The trend that leaps out at me is that losers appear to undergo a significant decrease in aggression starting before the loss, which persists past the World Cup year. There is potentially as much evidence here that failure suppresses nationalist feeling as there is that qualification ramps it up – the aggression numbers appear to decrease for the losers by about as much as the aggression numbers appear to rise for the winners. I suspect that this is spurious and random, but it must account for some of the significance in the difference.

Looking at Figure 4, it looks like a lot of the probability mass is due to the USSR and USA, which account for fully 1/3rd of conflicts initiated in the entire study. Neither country ever appears in the loser side of the bracket, and the two countries share an important trait – Neither country exactly ever needed a prod to initiate an interstate military dispute. Besides, World Cup isn’t particularly important in the US at all. France seems to be doing a lot of heavy lifting, also, though it at least does demonstrate the phenomenon the author moots – it is more aggressive after qualifying than after failing. France isn’t exactly known for its pacifistic foreign policy, either. (The author does claim that the effect still exists without the big guys.) There probably isn’t enough data to run a model controlling for the actual countries, but the possibility that more exogenously aggressive countries happened to win close should be considered.

Finally, look at the summary stats (Figure 6). Despite having similar populations, the qualifiers have 50% more soldiers and spend 3x as much on their militaries than the non-qualifiers. The wonder isn’t that those countries have more conflicts after the World Cup, the wonder is why they don’t have more conflicts before! I hazard that some of this is the “US/USSR” effect.

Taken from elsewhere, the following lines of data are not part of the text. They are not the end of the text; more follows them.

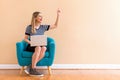 Young woman with a laptop computer pointing something Royalty Free Stock Photo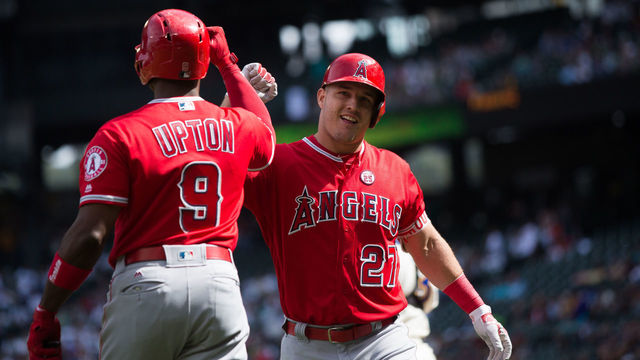 SEATTLE, WA - SEPTEMBER 10: Mike Trout #27 of the Los Angeles Angels of Anaheim celebrates his solo home run in the first inning with Justin Upton #9 against the Seattle Mariners at Safeco Field on September 10, 2017 in Seattle, Washington.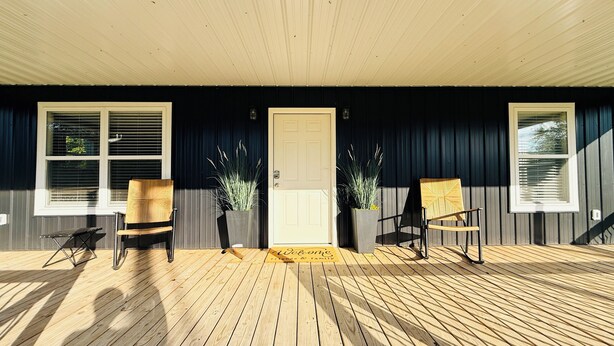A wooden deck with two wicker chairs, a door with a welcome mat, and potted plants.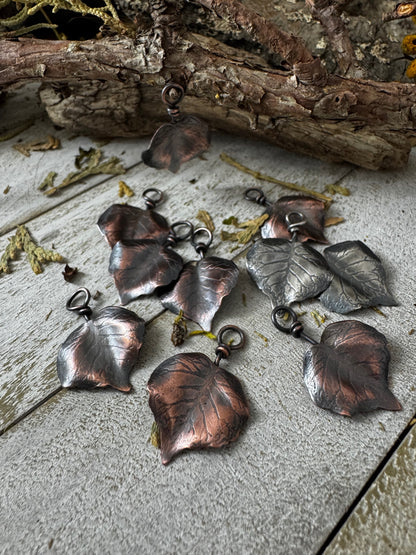 Collection of copper leaf-shaped pendants on a wooden surface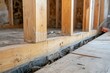 © TuruMuru - Detail shot of an acrow prop under visible wooden floor joists in a remodeled home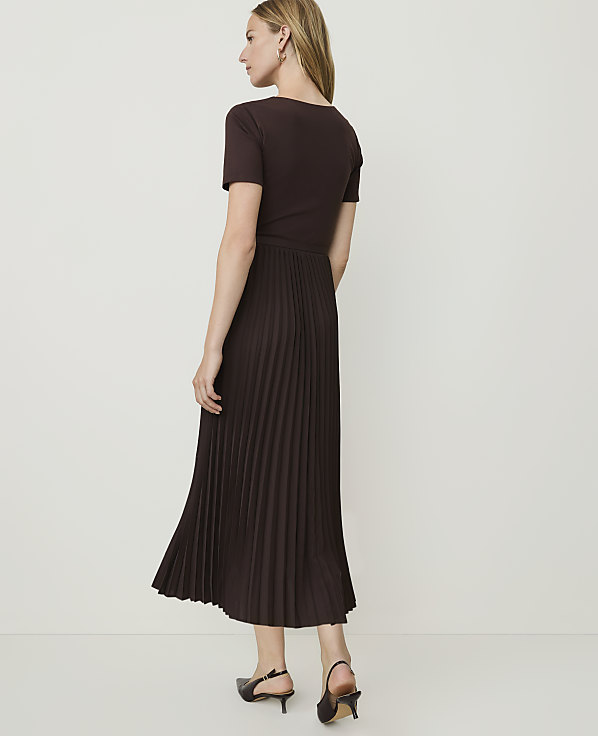 A woman in a brown t-shirt dress with a pleated skirt stands against a plain white background.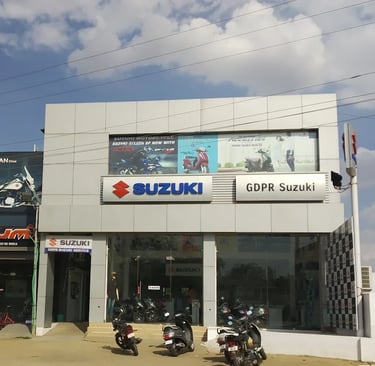 a group of motorcycles parked in front of a building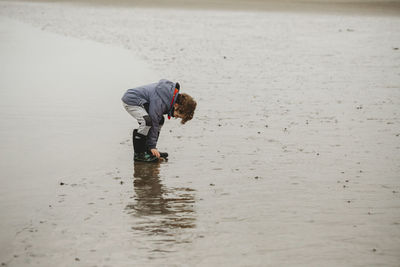 Full length view of cute boy on beach examining a stone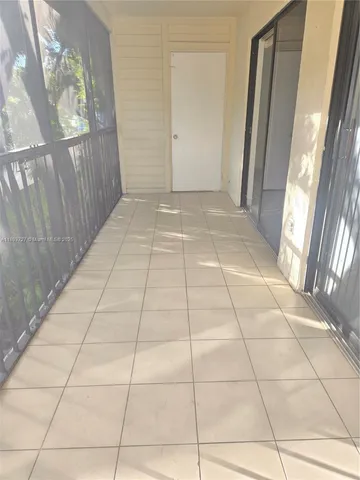 a view of a livingroom with wooden floor and a window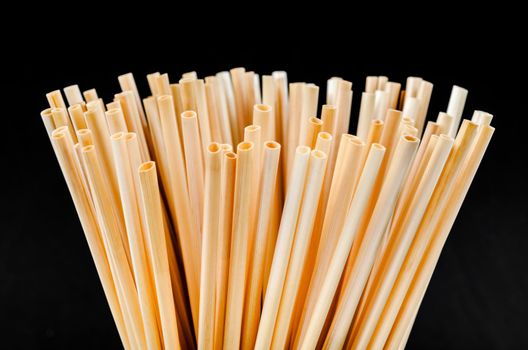 Wheat straw for drinking water in glass on black background. Zero waste concept.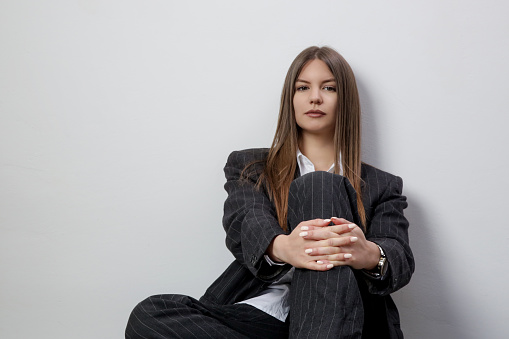 Studio portrait of fashionable girl in white button down shirt and striped oversized suit.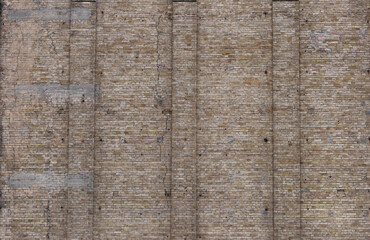 Texture of a brick wall with cracks. Facade of an old building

Interesting paper. I’m a little dubious about the idea that the discontinuity approximates randomization. Imbalance on some variables is really high (ex: Mean Military expenditures 12M in treatment group versus 3M in control group). Would also be interesting to see balance results on GDP/capita and level of development.

Given the extent of imbalance, using OLS to estimate effects seems reasonable (Table 2) but I’d like to see more specifications.

This paper could be helped a lot by an expanded discussion of a few illustrative cases. I look at the top results in Figure 4 and get a little dubious about whether nationalism (much less World Cup induced nationalism) had much to do with the aggressive behavior of those states (USSR 1958, US 1990) in the next couple years.

Thank you all for reading and commenting on my paper. I can tell that some of you spent a lot of time searching for potential problems, and your critiques provide me with a good opportunity to clarify some points that are probably unclear. Let me go through them in the order they were brought up.

1. In Figure 2, the aggression levels at Year 0 are low, but I don’t compare Year 0 to Year 0.5. Instead, I use a difference in differences t-test that compares the change in aggression levels for the two groups between the 3 years before and 3 years after qualification. The results are significant at the 1% level, and remain so when the Soviet Union and US are dropped from the sample.

2. In the balance plot, the difference in means for military expenditures and military personnel is large because the Soviet Union and US are in the qualifier group. But as the p-values indicate, the difference is far from statistically significant. In fact, when you drop the Soviet Union and US, the non-qualifiers are higher on military expenditures and military personnel, and the results for change in aggression are still significant at the 1% level.

3. rvman, you are right in pointing out the truncated data issue about my OLS estimates. But since the OLS was just a robustness check, I wasn’t too worried about this problem. However, a better approach for me here would be to do a regression on the change in aggression (3 years after-3 years before), which would not be truncated at 0. The results for this test are significant (p=0.015). I recognize that the standard errors will be somewhat off because the errors aren’t normally distributed, but this is just a robustness check. Thank you for pointing this out.

4. rvman, you have another good point about the decrease in aggression for the non-qualifiers. But if failing to qualify suppresses nationalism, which decreases aggression, it’s still an interesting finding about nationalism. However, I disagree with you that it is probably spurious or random. The results are significant for every statistical test I’ve run (almost always at the 1% level), and they are robust to the removal of outliers. It could be fluke, but given the large number of existing case studies about sports nationalism leading to conflict, I believe it’s much more likely to be a real treatment effect than just chance.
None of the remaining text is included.